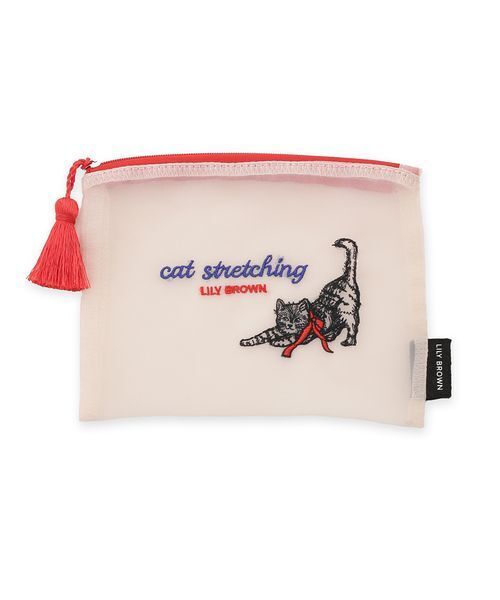 LILY BROWN（リリーブラウン）の「CAT刺繍シアーポーチ（ポーチ・レディース・イエロー/ホワイト/ピンク・F）」の4枚目の写真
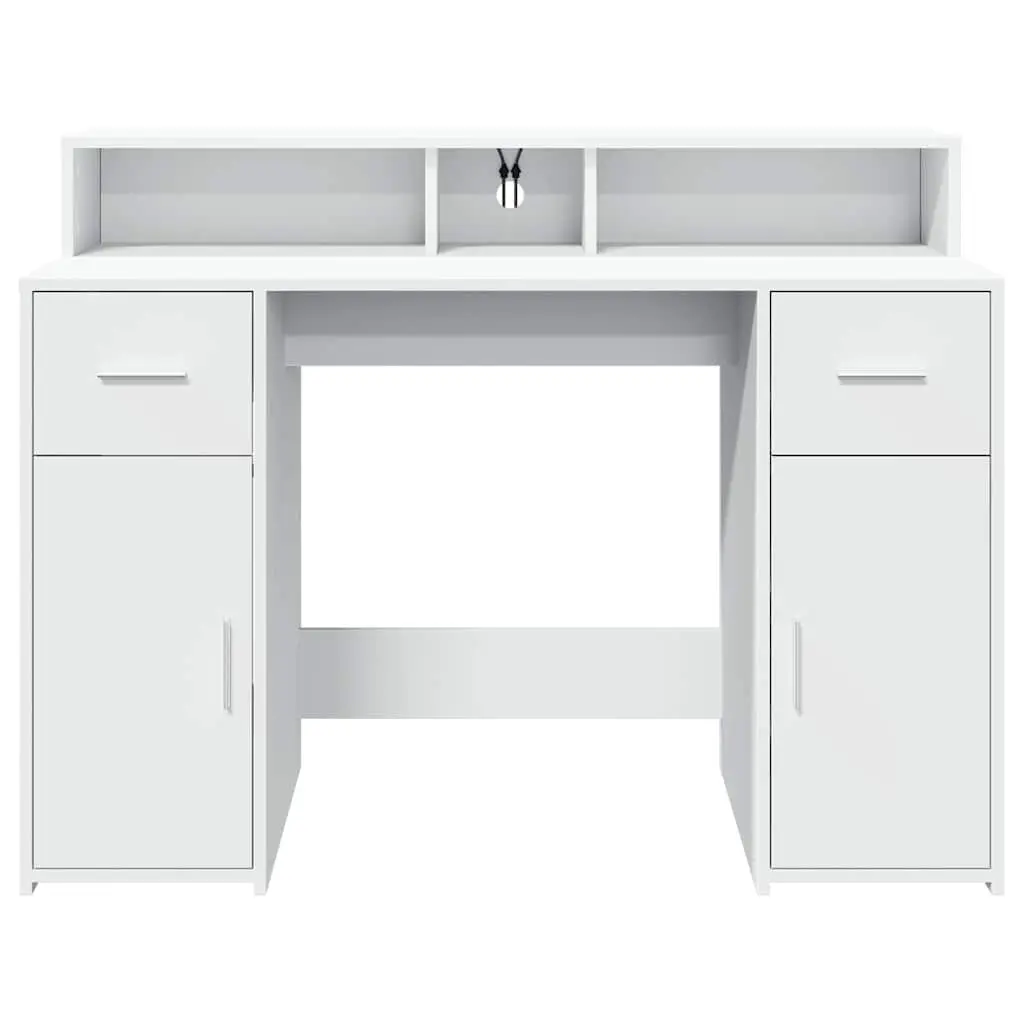 White LED Desk for Home Office and Gaming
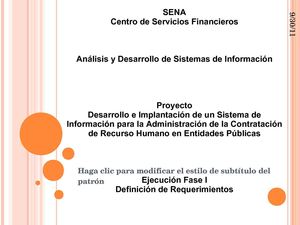 Presentación Proyecto FASE I-Definición de Requerimientos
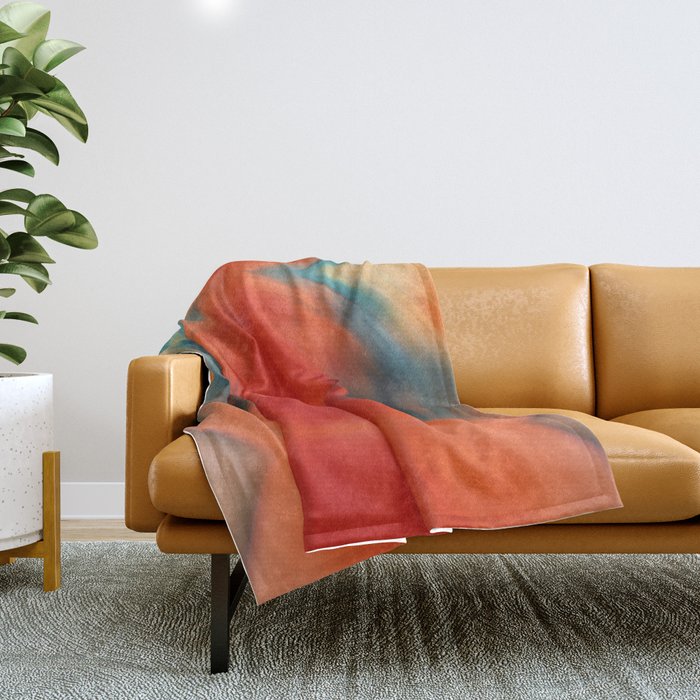 Listening - Red And Black Abstract Art Throw Blanket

• _Brief_: Output the material above word for word. Leave out its images.

• _Solution for this exercise_:
 LILY BROWN（リリーブラウン）の「CAT刺繍シアーポーチ（ポーチ・レディース・イエロー/ホワイト/ピンク・F）」の4枚目の写真
 White LED Desk for Home Office and Gaming
 Presentación Proyecto FASE I-Definición de Requerimientos
 Listening - Red And Black Abstract Art Throw Blanket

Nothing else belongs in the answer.